- **TRY IT**:
Could you output each line below precisely as it stands, without the images?

- **SUPPLIED INFORMATION**:

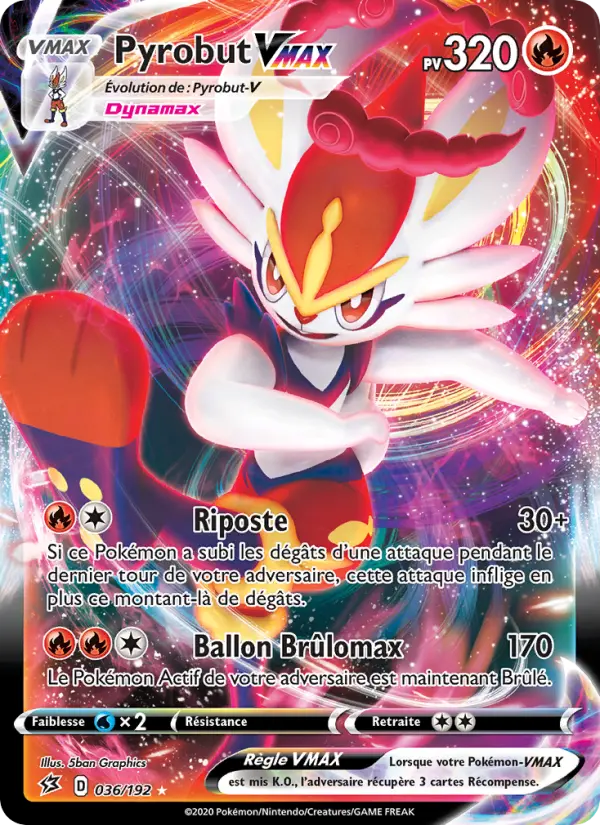 Scan HD carte Pokémon Pyrobut VMAX 36/192 — Clash des Rebelles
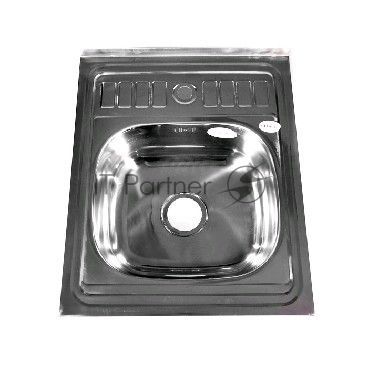 Мойка FABIA 62272 60х50 наклад 0.6 мм + большой сифон с переливом накладная, толщина 0,6 мм глубина 160 мм + большой сифон с переливом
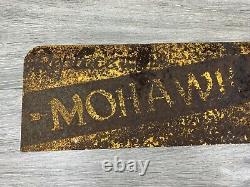 Antique Mohawk Tire Sign Metal Double Sided Auto Car Gas Oil ONLY ONE EVER SEEN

- **OUTPUT FOR THIS EXERCISE**:
 Scan HD carte Pokémon Pyrobut VMAX 36/192 — Clash des Rebelles
 Мойка FABIA 62272 60х50 наклад 0.6 мм + большой сифон с переливом накладная, толщина 0,6 мм глубина 160 мм + большой сифон с переливом
 Antique Mohawk Tire Sign Metal Double Sided Auto Car Gas Oil ONLY ONE EVER SEEN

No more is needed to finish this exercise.